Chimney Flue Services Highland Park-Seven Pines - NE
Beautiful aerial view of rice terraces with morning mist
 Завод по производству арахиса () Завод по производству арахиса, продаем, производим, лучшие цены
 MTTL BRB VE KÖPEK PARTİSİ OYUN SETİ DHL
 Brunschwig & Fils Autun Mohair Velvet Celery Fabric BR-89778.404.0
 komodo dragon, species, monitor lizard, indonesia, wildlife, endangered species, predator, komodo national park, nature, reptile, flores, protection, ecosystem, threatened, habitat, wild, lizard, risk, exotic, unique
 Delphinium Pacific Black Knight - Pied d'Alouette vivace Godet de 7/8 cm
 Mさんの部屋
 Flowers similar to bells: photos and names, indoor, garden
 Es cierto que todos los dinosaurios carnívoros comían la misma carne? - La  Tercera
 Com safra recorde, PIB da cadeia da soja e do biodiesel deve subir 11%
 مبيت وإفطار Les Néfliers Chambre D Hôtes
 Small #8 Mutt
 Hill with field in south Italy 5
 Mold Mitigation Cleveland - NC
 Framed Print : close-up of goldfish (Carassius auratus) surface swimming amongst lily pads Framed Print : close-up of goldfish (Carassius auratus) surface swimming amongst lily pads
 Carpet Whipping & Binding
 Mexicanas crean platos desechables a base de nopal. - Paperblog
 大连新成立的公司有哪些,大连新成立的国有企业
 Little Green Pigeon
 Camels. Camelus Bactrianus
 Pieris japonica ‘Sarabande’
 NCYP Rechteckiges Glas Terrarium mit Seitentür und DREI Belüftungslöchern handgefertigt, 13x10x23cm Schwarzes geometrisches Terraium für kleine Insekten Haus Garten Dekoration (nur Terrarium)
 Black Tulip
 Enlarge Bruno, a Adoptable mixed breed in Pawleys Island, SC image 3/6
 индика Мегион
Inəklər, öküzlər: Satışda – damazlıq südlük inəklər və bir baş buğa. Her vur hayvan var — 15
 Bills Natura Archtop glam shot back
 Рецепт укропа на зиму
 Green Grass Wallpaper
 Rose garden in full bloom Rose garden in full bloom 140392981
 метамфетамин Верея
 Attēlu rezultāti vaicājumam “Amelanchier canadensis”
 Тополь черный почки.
- - -
# [Required action]
Write the entries out again, exactly and completely.

# [Solution to this exercise]
Chimney Flue Services Highland Park-Seven Pines - NE
Beautiful aerial view of rice terraces with morning mist
 Завод по производству арахиса () Завод по производству арахиса, продаем, производим, лучшие цены
 MTTL BRB VE KÖPEK PARTİSİ OYUN SETİ DHL
 Brunschwig & Fils Autun Mohair Velvet Celery Fabric BR-89778.404.0
 komodo dragon, species, monitor lizard, indonesia, wildlife, endangered species, predator, komodo national park, nature, reptile, flores, protection, ecosystem, threatened, habitat, wild, lizard, risk, exotic, unique
 Delphinium Pacific Black Knight - Pied d'Alouette vivace Godet de 7/8 cm
 Mさんの部屋
 Flowers similar to bells: photos and names, indoor, garden
 Es cierto que todos los dinosaurios carnívoros comían la misma carne? - La  Tercera
 Com safra recorde, PIB da cadeia da soja e do biodiesel deve subir 11%
 مبيت وإفطار Les Néfliers Chambre D Hôtes
 Small #8 Mutt
 Hill with field in south Italy 5
 Mold Mitigation Cleveland - NC
 Framed Print : close-up of goldfish (Carassius auratus) surface swimming amongst lily pads Framed Print : close-up of goldfish (Carassius auratus) surface swimming amongst lily pads
 Carpet Whipping & Binding
 Mexicanas crean platos desechables a base de nopal. - Paperblog
 大连新成立的公司有哪些,大连新成立的国有企业
 Little Green Pigeon
 Camels. Camelus Bactrianus
 Pieris japonica ‘Sarabande’
 NCYP Rechteckiges Glas Terrarium mit Seitentür und DREI Belüftungslöchern handgefertigt, 13x10x23cm Schwarzes geometrisches Terraium für kleine Insekten Haus Garten Dekoration (nur Terrarium)
 Black Tulip
 Enlarge Bruno, a Adoptable mixed breed in Pawleys Island, SC image 3/6
 индика Мегион
Inəklər, öküzlər: Satışda – damazlıq südlük inəklər və bir baş buğa. Her vur hayvan var — 15
 Bills Natura Archtop glam shot back
 Рецепт укропа на зиму
 Green Grass Wallpaper
 Rose garden in full bloom Rose garden in full bloom 140392981
 метамфетамин Верея
 Attēlu rezultāti vaicājumam “Amelanchier canadensis”
 Тополь черный почки.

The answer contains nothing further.